L'augmentation de la résistance aux antibiotiques amenant l'Inde à l'ère pré-antibiotique, disent les experts

L'absence de restrictions à l'accès aux antibiotiques et leur utilisation irrationnelle, laboratoires de microbiologie non standardisés, L'utilisation d'antibiotiques dans l'élevage et la pêche, ainsi que le manque d'assainissement, entraînent une résistance généralisée aux antibiotiques en Inde, et le pays risque de retomber dans l'ère pré-antibiotique. La situation peut devenir alarmante si l'on considère que le taux de mortalité brut lié aux maladies infectieuses en Inde est de 416,75 pour 100 000 habitants, soit environ le double du taux prévalant aux États-Unis (données de la Banque mondiale). Le fardeau des maladies infectieuses par personne est 15 fois plus élevé en Inde qu'au Royaume-Uni.

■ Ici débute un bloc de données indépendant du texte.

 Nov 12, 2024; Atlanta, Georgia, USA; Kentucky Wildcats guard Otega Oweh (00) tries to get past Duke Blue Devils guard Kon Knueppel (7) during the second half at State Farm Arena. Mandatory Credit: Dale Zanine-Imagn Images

Cela a été dit par des experts indiens et étrangers en résistance aux antimicrobiens qui sont à Kochi pour participer à la 'Conférence internationale sur la gestion des antibiotiques et des maladies infectieuses', qui se tiendra pendant deux jours à l'Institut de recherche médicale Amrita le Les 27 et 28 octobre 2018. Ils ont souligné l'importance de la «gestion des antibiotiques», qui désigne une combinaison de pratiques visant à rationaliser l'utilisation d'antibiotiques au moyen de la bonne dose, du bon médicament, de la bonne durée, de la bonne fréquence, du bon patient et de la bonne indication. La rationalisation de l'utilisation des antibiotiques est essentielle pour réduire le fardeau des maladies infectieuses, ont déclaré les experts lors de l'événement, qui a vu la participation de dix conférenciers internationaux renommés du Royaume-Uni, des États-Unis et d'Afrique du Sud.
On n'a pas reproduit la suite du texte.